How La Nina Might Affect Storm Season

By Tamara Rush | May 20, 2011

One major factor in whether the Atlantic Ocean will experience an active 2011 hurricane season is fluctuating thousands of miles away in the Pacific.

The La Nina weather phenomenon, which is linked to above average hurricane seasons in the Atlantic, appears to be weakening and it is unclear as the season begins June 1 whether it will exacerbate or have no effect on this year’s storms.

La Nina helped make the 2010 hurricane season the third-most active hurricane season on record, said meteorologist Jeff Masters, who writes a popular weather blog. There were 19 named storms last year and of those, 12 became hurricanes. Meteorologists say it also helped cause this past winter’s barrage of blizzards in the northern United States, heavy summer flooding in Australia and recent tornadoes in the Southern U.S.

La Nina is expected to be gone by June or July, but the federal Climate Prediction Center says that it could continue to affect weather for months.

La Nina is an unusual cooling of the Pacific Ocean near the equator. During years that La Nina is in effect, there’s a decrease in the vertical wind shear thousands of feet over the Caribbean Sea and tropical Atlantic — that gives hurricanes a chance to form and strengthen before they are blown apart. It’s the opposite weather pattern of El Nino, which warms Pacific waters near the equator and increases Atlantic basin wind shear — that can blow storms apart as they form.

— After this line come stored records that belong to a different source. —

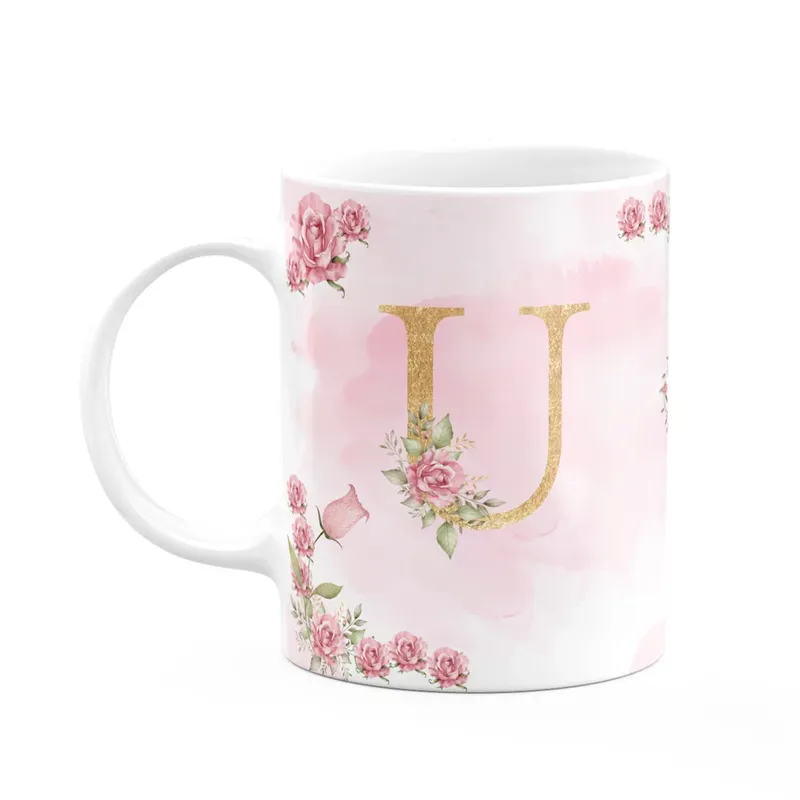 Caneca Floral Mães - Inicial Do Nome Letra U - 325ml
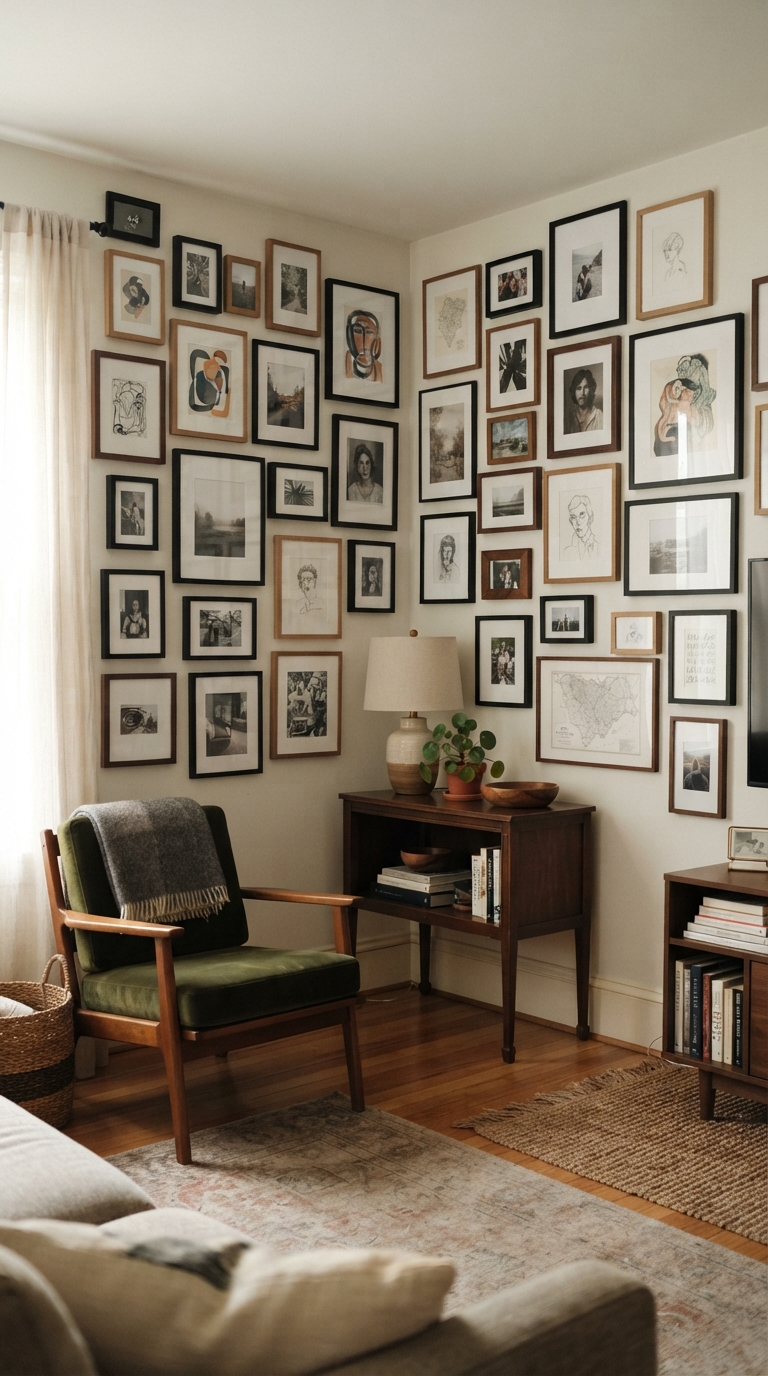 Free-form wrap-around corner photo gallery wall with mixed frame sizes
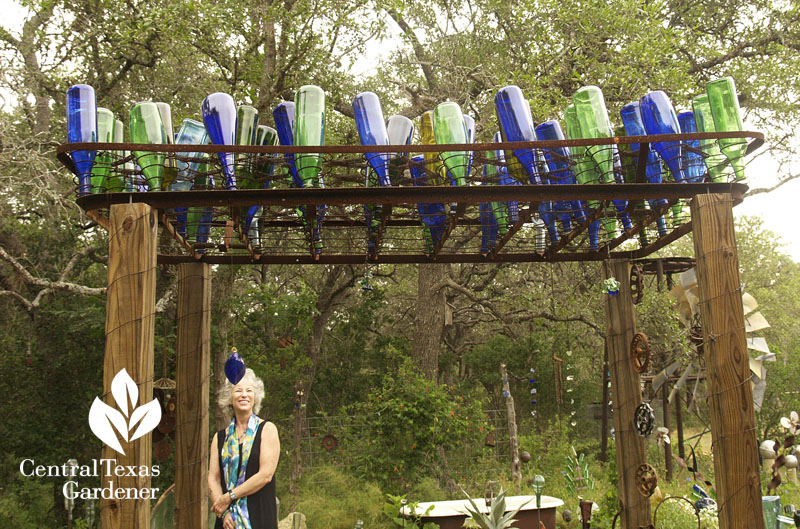 bottle tree arbor old bedspring Elayne Lansford Central Texas Gardener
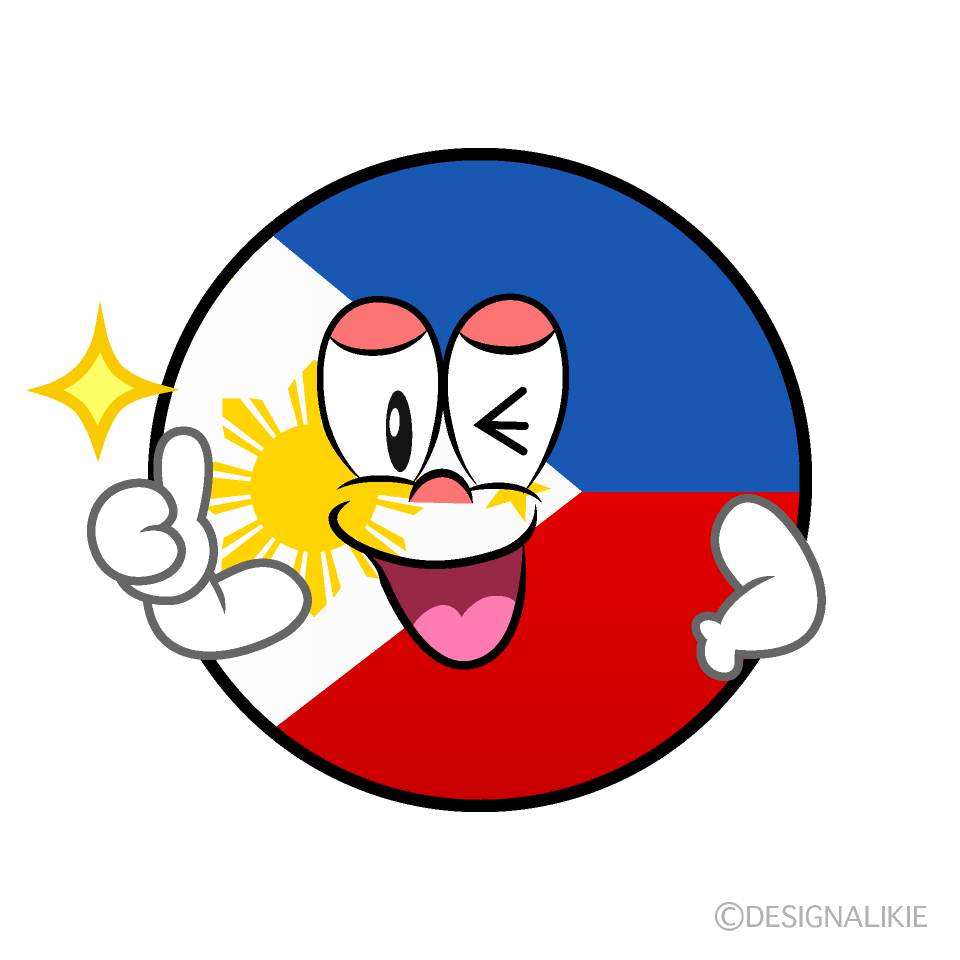 Bandera Filipinas Pulgares hacia arriba Animado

To be sure, there were other important factors that caused last year’s storms to form and strengthen: record warm Atlantic waters, barometric pressure in the Caribbean and favorable winds coming off Africa. Forecasters also looked at something called the “multi decadal signal,” which refers to weather patterns that tend to last several decades at a time. Since 1995, the Atlantic basin has been in a pattern of high activity.

“Last year there was La Nina, on top of already high conditions,” said Gerry Bell, the head forecaster on the National Hurricane Center team that makes seasonal predictions.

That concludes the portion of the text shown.